Your copy should run exactly from the line containing "老徐鉴茶68期：200年树龄普洱古树秋茶品鉴报告（宁波茶友寄）" to the last line of the entries below, and it should include no pictures.

[Data items]
______________________________
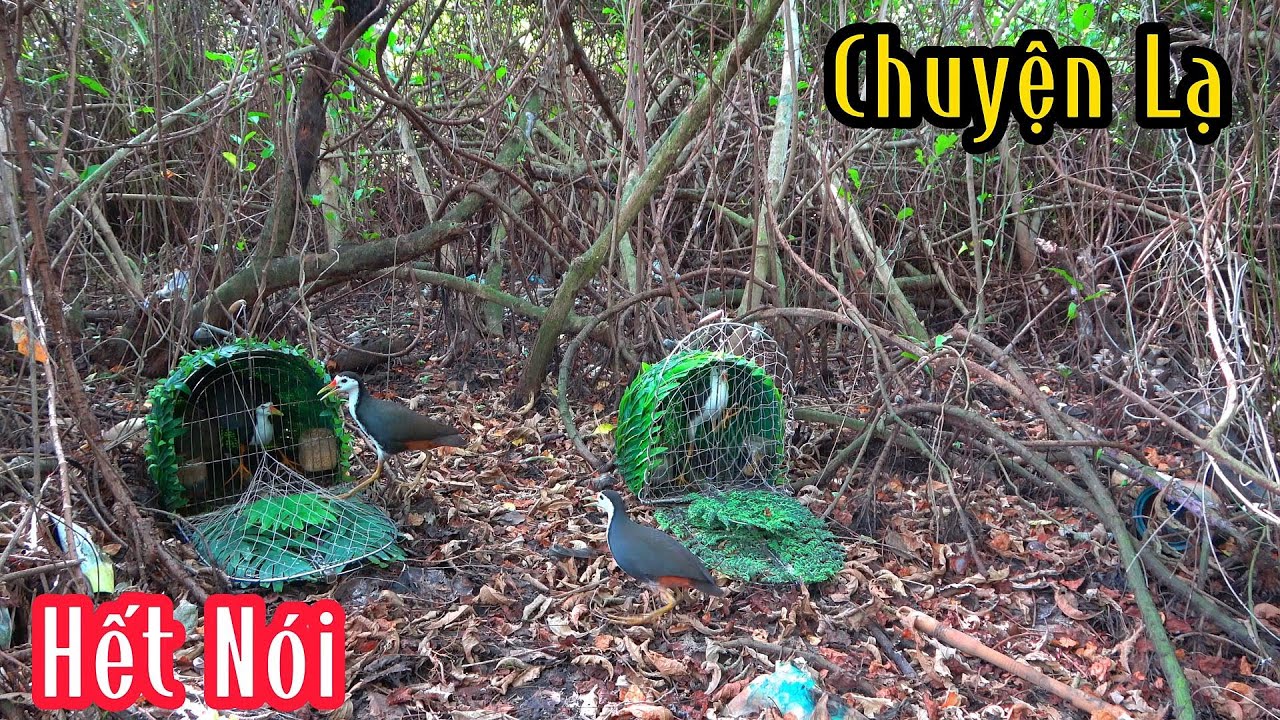 Chuyện Lạ Bẫy Chim Quốc Mà Dính Con Này | Đam Mê Săn Bắt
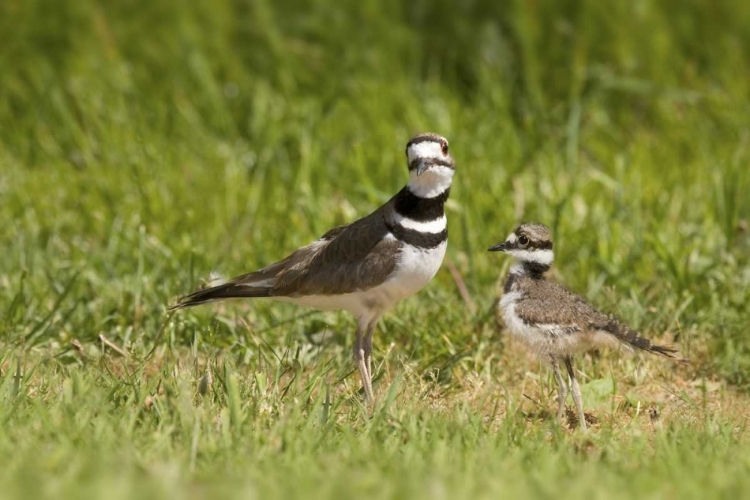 Picture of MOTHER KILLDEER BIRD AND HER CHICK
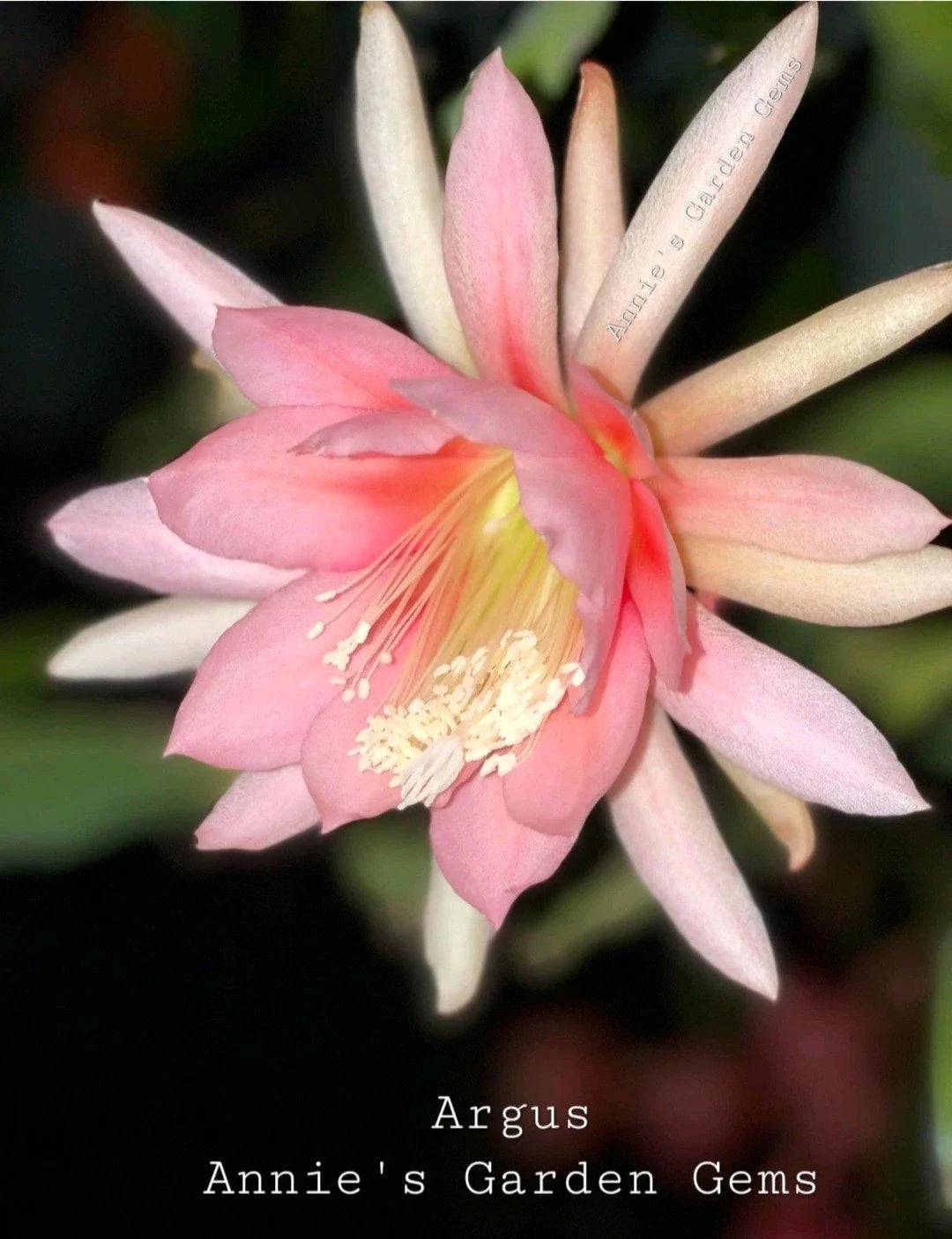 Epiphyllum Cuttings - Unrooted 8-10 inches - Argus Variety - Epiphyllum spp.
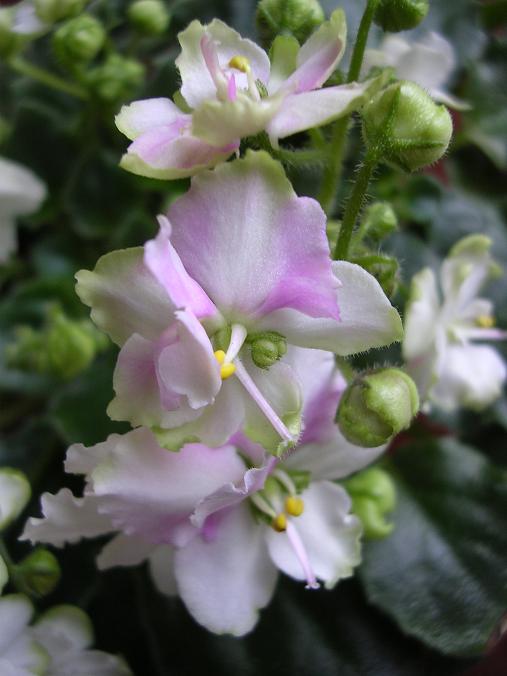 [��ˮ]��������ˮ��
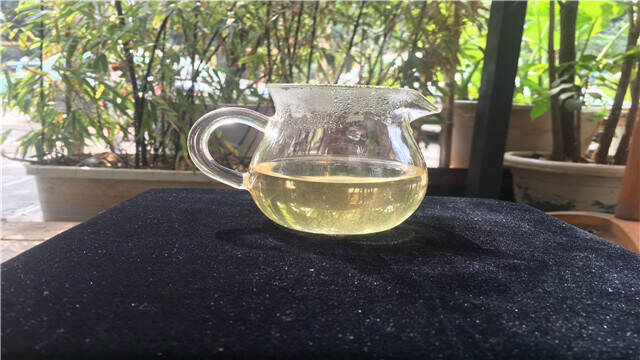 老徐鉴茶68期：200年树龄普洱古树秋茶品鉴报告（宁波茶友寄）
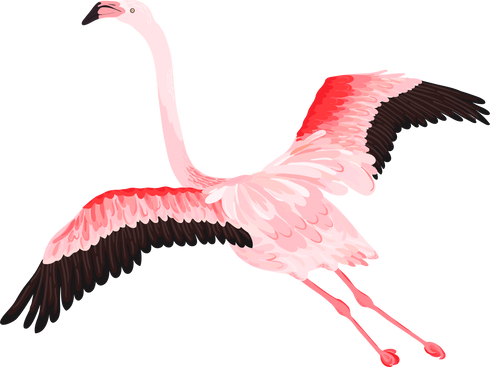 Flamingo Tropical Bird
______________________________
Answer space ->
 老徐鉴茶68期：200年树龄普洱古树秋茶品鉴报告（宁波茶友寄）
 Flamingo Tropical Bird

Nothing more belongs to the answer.